▶ **What you should do**
Copy down all of the data underneath, exactly as shown.

Web page caption snippets
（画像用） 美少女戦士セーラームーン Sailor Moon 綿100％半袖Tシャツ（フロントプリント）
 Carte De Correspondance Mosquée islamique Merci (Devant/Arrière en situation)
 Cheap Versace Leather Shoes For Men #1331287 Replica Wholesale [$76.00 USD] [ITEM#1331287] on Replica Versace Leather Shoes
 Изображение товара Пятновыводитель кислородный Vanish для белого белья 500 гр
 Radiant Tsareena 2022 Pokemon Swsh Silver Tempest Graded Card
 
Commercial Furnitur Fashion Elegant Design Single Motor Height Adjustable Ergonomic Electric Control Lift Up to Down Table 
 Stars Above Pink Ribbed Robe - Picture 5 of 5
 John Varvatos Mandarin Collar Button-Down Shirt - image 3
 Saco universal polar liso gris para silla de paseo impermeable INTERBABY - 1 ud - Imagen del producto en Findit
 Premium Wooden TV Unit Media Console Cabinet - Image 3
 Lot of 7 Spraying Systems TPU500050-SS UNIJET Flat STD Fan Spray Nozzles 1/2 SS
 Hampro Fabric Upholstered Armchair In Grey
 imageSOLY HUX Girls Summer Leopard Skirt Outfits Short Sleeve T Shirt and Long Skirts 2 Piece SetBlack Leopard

▶ **Completed task**
（画像用） 美少女戦士セーラームーン Sailor Moon 綿100％半袖Tシャツ（フロントプリント）
 Carte De Correspondance Mosquée islamique Merci (Devant/Arrière en situation)
 Cheap Versace Leather Shoes For Men #1331287 Replica Wholesale [$76.00 USD] [ITEM#1331287] on Replica Versace Leather Shoes
 Изображение товара Пятновыводитель кислородный Vanish для белого белья 500 гр
 Radiant Tsareena 2022 Pokemon Swsh Silver Tempest Graded Card
 
Commercial Furnitur Fashion Elegant Design Single Motor Height Adjustable Ergonomic Electric Control Lift Up to Down Table 
 Stars Above Pink Ribbed Robe - Picture 5 of 5
 John Varvatos Mandarin Collar Button-Down Shirt - image 3
 Saco universal polar liso gris para silla de paseo impermeable INTERBABY - 1 ud - Imagen del producto en Findit
 Premium Wooden TV Unit Media Console Cabinet - Image 3
 Lot of 7 Spraying Systems TPU500050-SS UNIJET Flat STD Fan Spray Nozzles 1/2 SS
 Hampro Fabric Upholstered Armchair In Grey
 imageSOLY HUX Girls Summer Leopard Skirt Outfits Short Sleeve T Shirt and Long Skirts 2 Piece SetBlack Leopard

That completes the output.